Exploring the Louvre without your nose stuck in a guidebook can be a freeing experience. (HANDOUT / July 21, 2010)

Several years ago, I was invited to Amazon.com headquarters. After signing a legal promise of secrecy, I was taken into a special room. Someone came in carrying a package containing Amazon's secret weapon … the Kindle.

It was turned on. And from the second I held it, so was I. It felt as though I was holding the future. Since then, the e-book market has taken off. The Kindle has worthy competitors, including the iPad, Sony Reader and Nook.

Though I consider myself a paper guy, I can see the advantages to e-books.

An e-book reader is smaller and lighter than a guidebook. You can effortlessly carry hundreds of e-books, which is great for long trips with many destinations. And with built-in wireless, you can buy books from anywhere, convenient for spur-of-the-moment detours.

Of course, e-books have their problems. Though they work well for novels, they remain clunky for guidebooks. It can be difficult to find the information you're looking for; flipping from page to page can be awkward; and maps — often designed to run across two pages — don't always appear correctly. An e-book reader is expensive, and if you lose it, you're out hundreds of dollars. Still, e-books are here to stay, and they will only gain in popularity.

E-books are among the latest technologies changing the way we travel. E-mail, blogging, Facebook and Twitter have usurped postcards. Public pay phones are nearly obsolete now that cell phones, international phone cards (sold in Europe) and calling over the Internet offer easy and cheap alternatives. After a busy day of sightseeing in Berlin, you could go back to your hotel room, download a movie and watch the serious "Das Boot" or the funny "Good Bye Lenin!"

An audio tour you can run on your iWhatever is the one technology I'm excited about.

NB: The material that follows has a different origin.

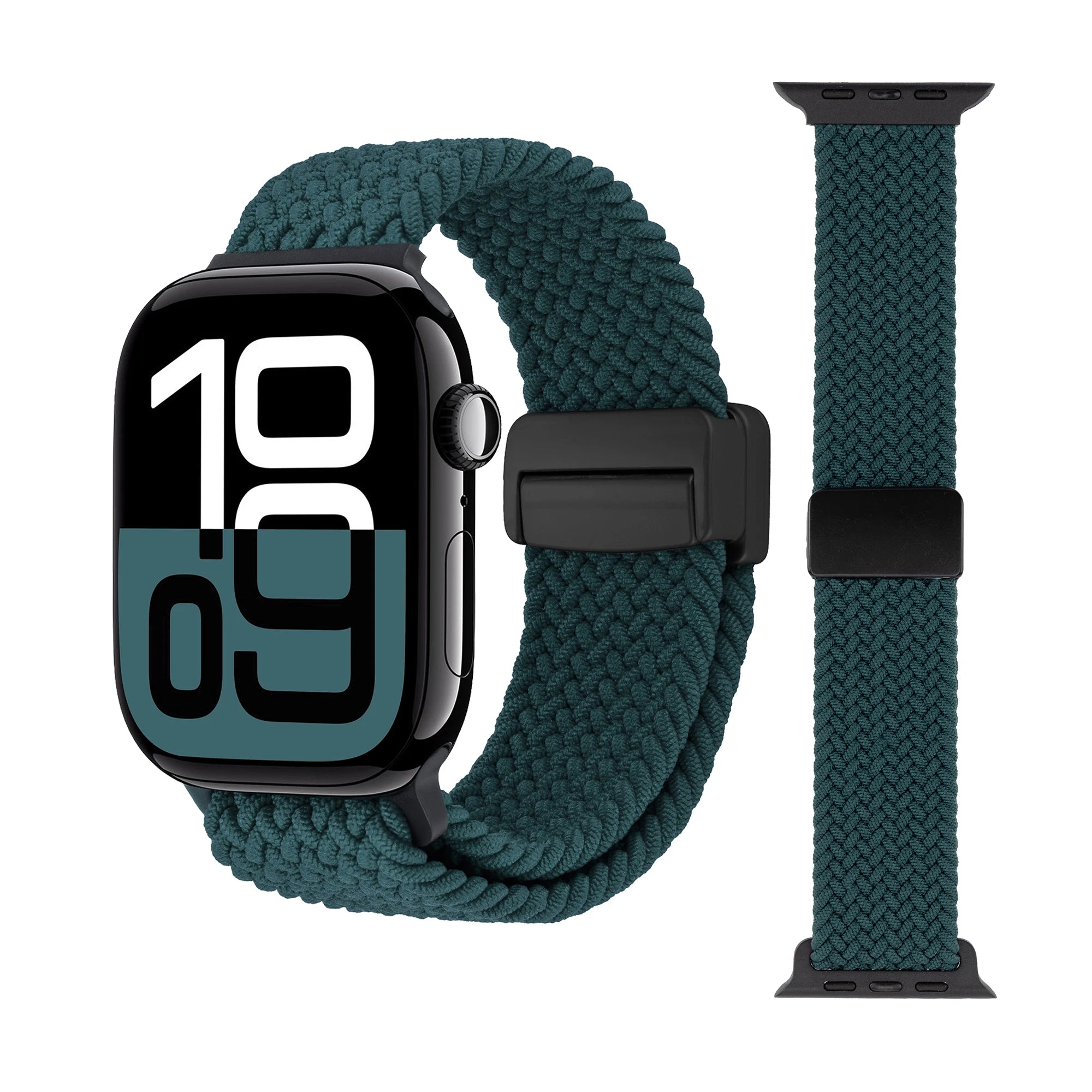 Braided Loop Nylon band for Apple Watch Ultra 2 49mm 46mm 42mm 45mm 41mm Magnetic band Apple Watch 10 9 8 7 6 5 SE 40mm 44mm Band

More and more tourist offices and museums are offering these for free or at low cost.

For instance, the tourist information office in Italy's Padua has MP3 tours covering five walking routes. You can download these for free from its Web site (www.turismopadova.it), or just borrow one of its MP3 players when you are there. Bath's tourism office has a downloadable Jane Austen walking tour that includes a printable map (visitbath.co.uk). Free audio tours for London's National Portrait Gallery, Prague's Charles Bridge and other sights are available at acoustiguide.com.

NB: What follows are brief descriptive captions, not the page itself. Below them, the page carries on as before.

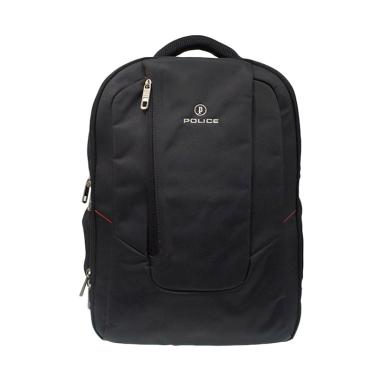 Police Backpack Tas Pria - Black 0923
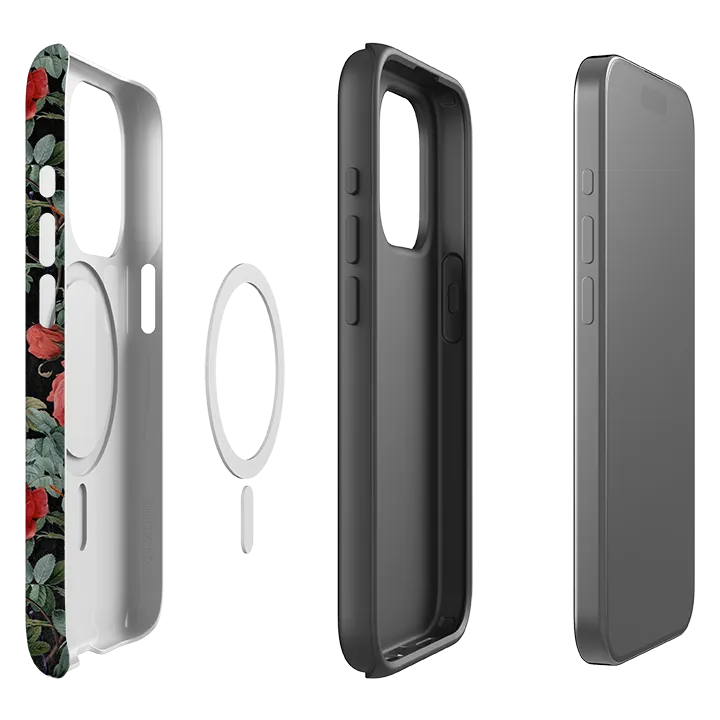 Modern Finish iPhone MagSafe Tough Case -  Dragons and Roses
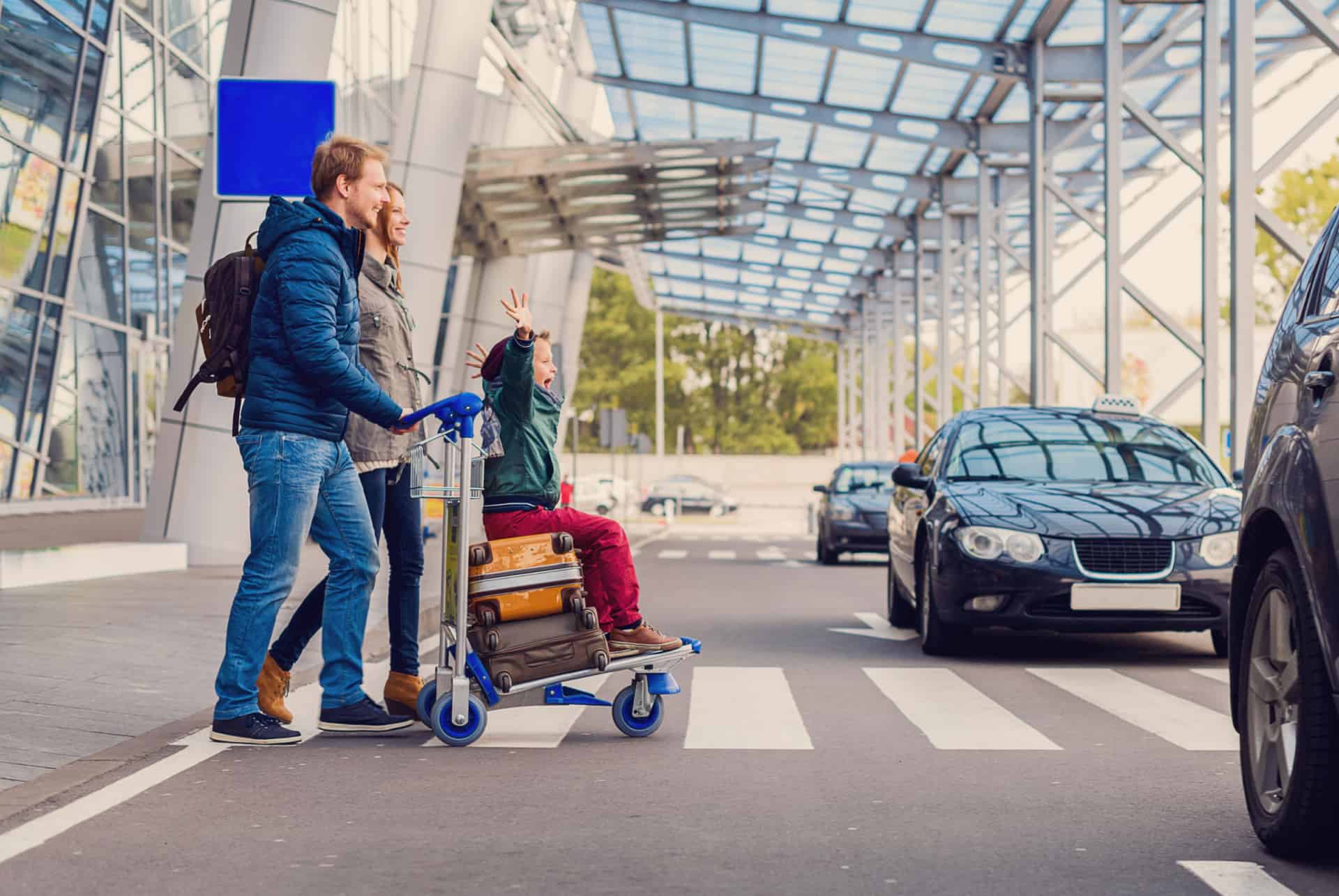 famille aéroport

I just launched Audio Europe, an extensive free online library containing audio tours of Europe's major sights and interviews with travel experts. Choose whatever interests you, and download it to your iPod, smart phone or computer at ricksteves.com or iTunes.

Before you leave for Europe, it's worth checking online to see what kinds of digital content you can find to enhance your trip. Using Google or the iTunes store, search for sights and cities you will be visiting.

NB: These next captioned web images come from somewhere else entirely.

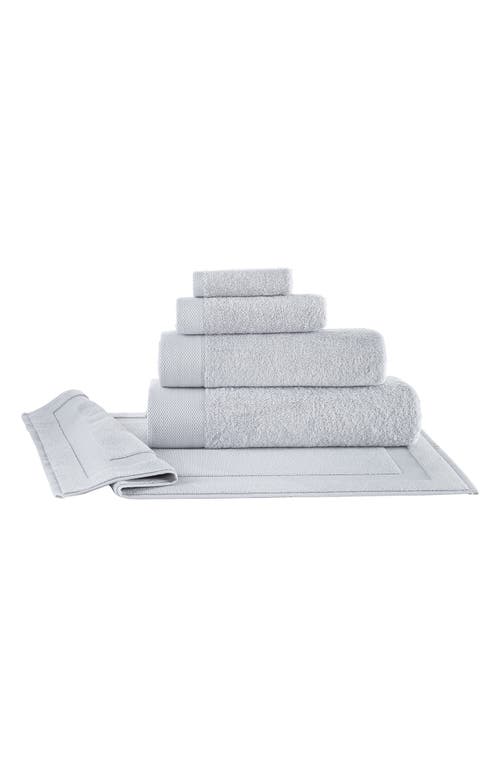 Shop Brooks Brothers 6-piece Solid Signature Cotton Towel Set In Silver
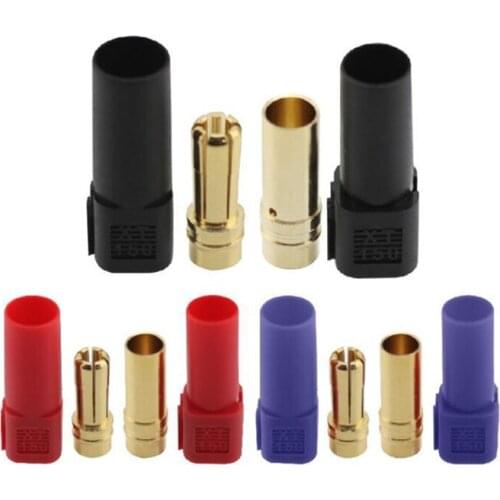 Amass XT150 6mm 120A High Current Bullet Connector Adapter Plug Male Female for RC Model Helicopter Airplane Drone Lipo Battery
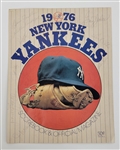 1976 New York Yankees Team Signed Scorebook Cover w/ Elston Howard Beckett LOA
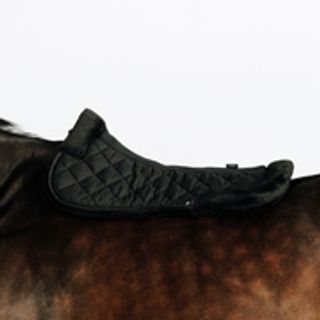 Salvacruces Equitación 500 Negro Borreguito Sintético Caballo/Poni.FS Negro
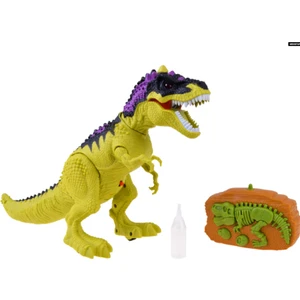 LRS Store Uzaktan Kumandalı Dinozor Buhar Çıkaran T-Rex Sesli Işıklı Jurassic Dünya Modeli Dinazor Yeşil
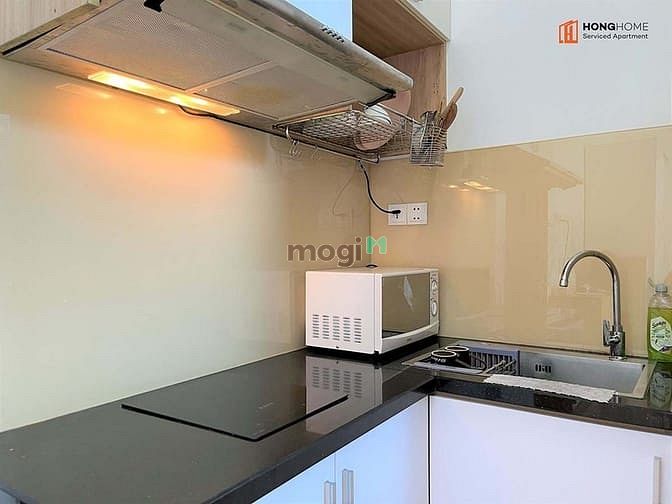 Hình ảnh ✅Căn Hô Studio🔥Nội thất cao cấp_Bếp xa giường_Ban công View Sông✅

Some places are going beyond audio. At Chateau de Chenonceau in France's Loire region, pictures and videos accompany the audio narration, cluing you in to what you are seeing. You can rent an iPod there or run the tour on your own device (chenonceau.com). Versailles' free app for iPhones uses GPS to sense where you are and pops up related videos, narration and slide shows (chateauversailles.fr).

Though paper guidebooks are still selling well, map sales are being hit much harder by techie alternatives, such as Google Maps and GPS. To be honest, I'm still somewhat of a holdout when it comes to GPS (then again, I was probably the last writer in America to cling to WordPerfect). To me, part of the fun of being immersed in Europe is navigating. If you want to connect with locals, ask for directions. By being engaged, I learn and internalize the lay of the land.

If I do use a GPS, I make it a point to also have a road map handy and at least a vague sense of my route. One time, driving from St. Moritz to Lugano via Italy's Lake Como, I realized my GPS had just directed me past the Lugano turnoff. Hitting the brakes and checking my map, I figured out it was aiming to send me on the freeway, then on a ferry across the lake. I stuck with the "slower" roads on the quieter side of the lake ... and got in an hour earlier. The lesson: GPS is most useful in conjunction with a good map and some common sense.

That's the bottom line with most technology. It can lead you in the right direction — to that small town in the hills or through an overwhelming museum such as the Louvre — but the rest is up to you.